[DATASET CONTENT — start]

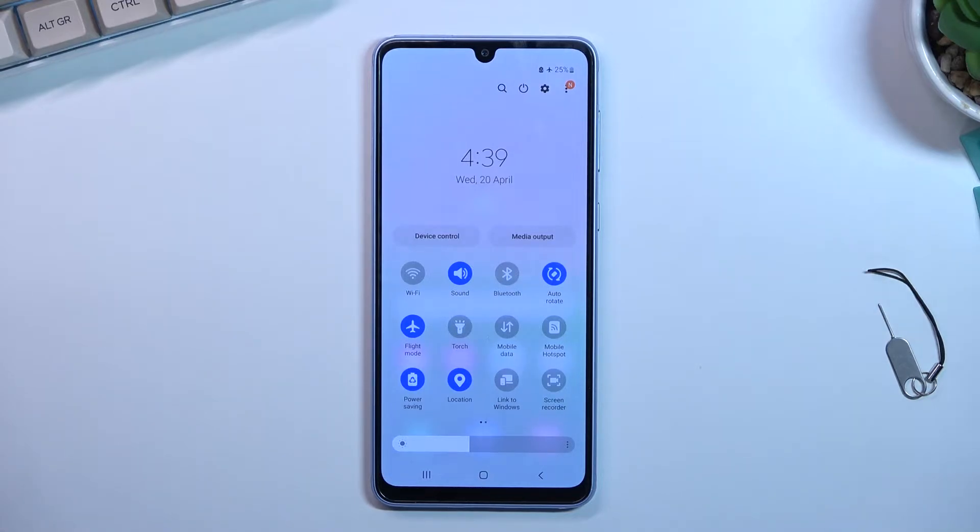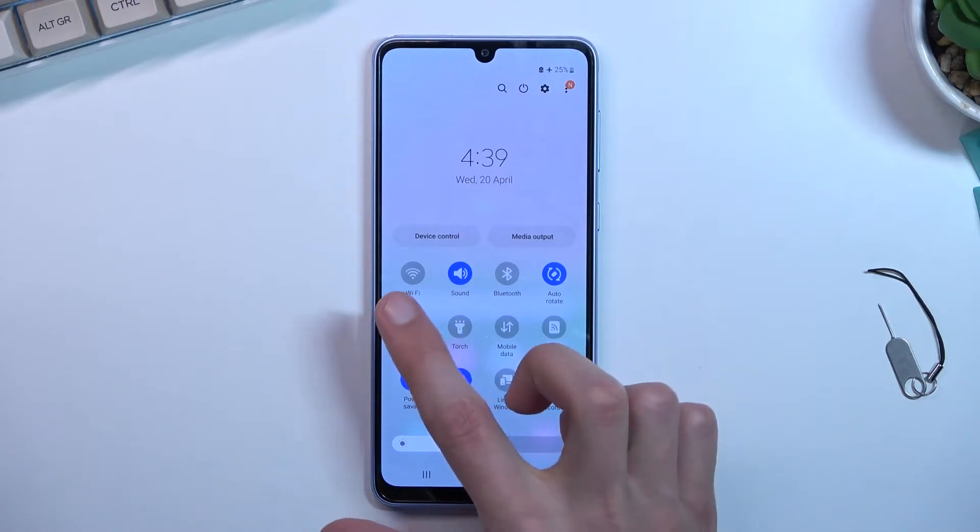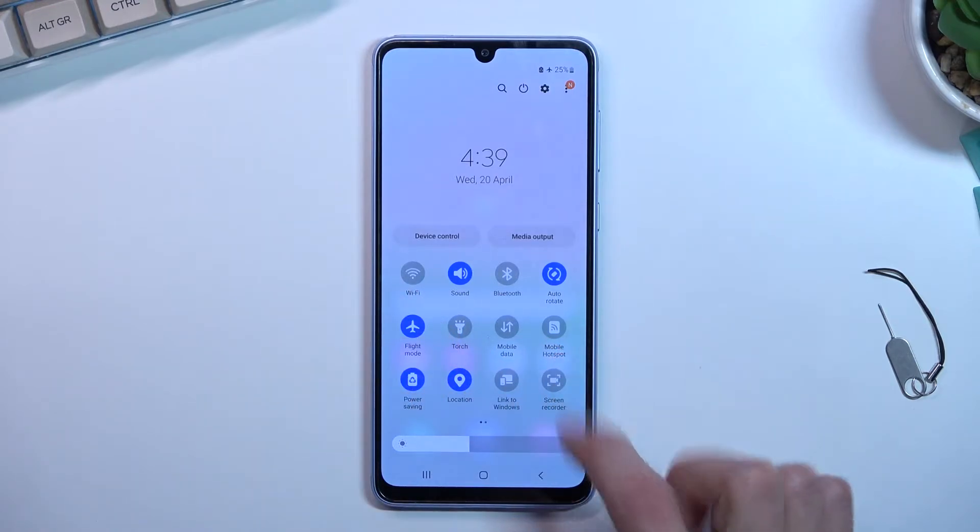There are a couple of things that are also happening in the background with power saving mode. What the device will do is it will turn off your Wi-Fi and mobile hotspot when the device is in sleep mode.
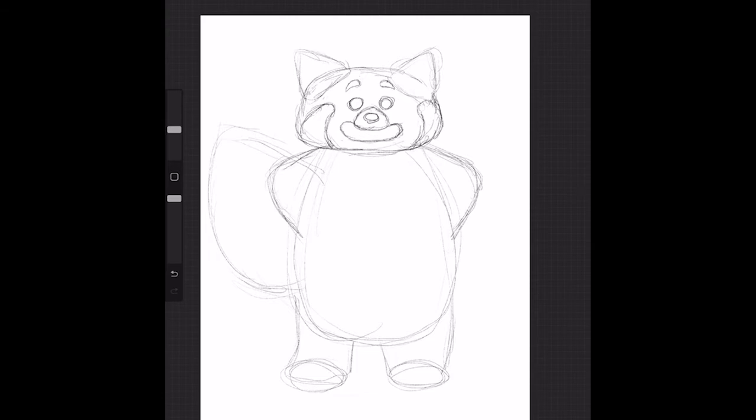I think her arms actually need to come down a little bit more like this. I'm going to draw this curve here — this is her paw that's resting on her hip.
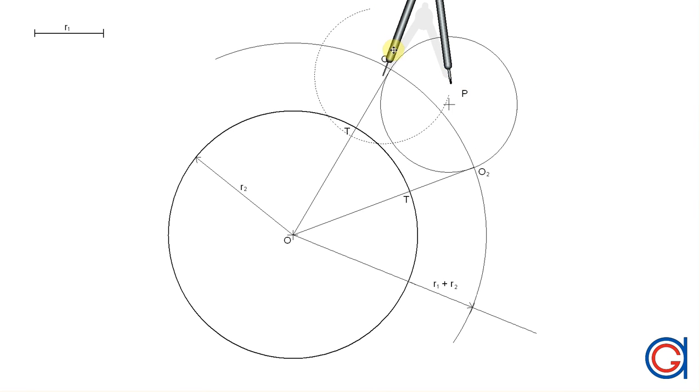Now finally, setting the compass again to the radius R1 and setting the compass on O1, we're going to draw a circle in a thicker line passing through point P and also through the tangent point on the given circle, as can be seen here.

[DATASET CONTENT — finish]

(WHAT IS NEEDED):
Keeping pictures out, repeat exactly the lines from the one containing "I think her" through the end of the listing.

(RESULT FOR THIS TASK):
I think her arms actually need to come down a little bit more like this. I'm going to draw this curve here — this is her paw that's resting on her hip.
Now finally, setting the compass again to the radius R1 and setting the compass on O1, we're going to draw a circle in a thicker line passing through point P and also through the tangent point on the given circle, as can be seen here.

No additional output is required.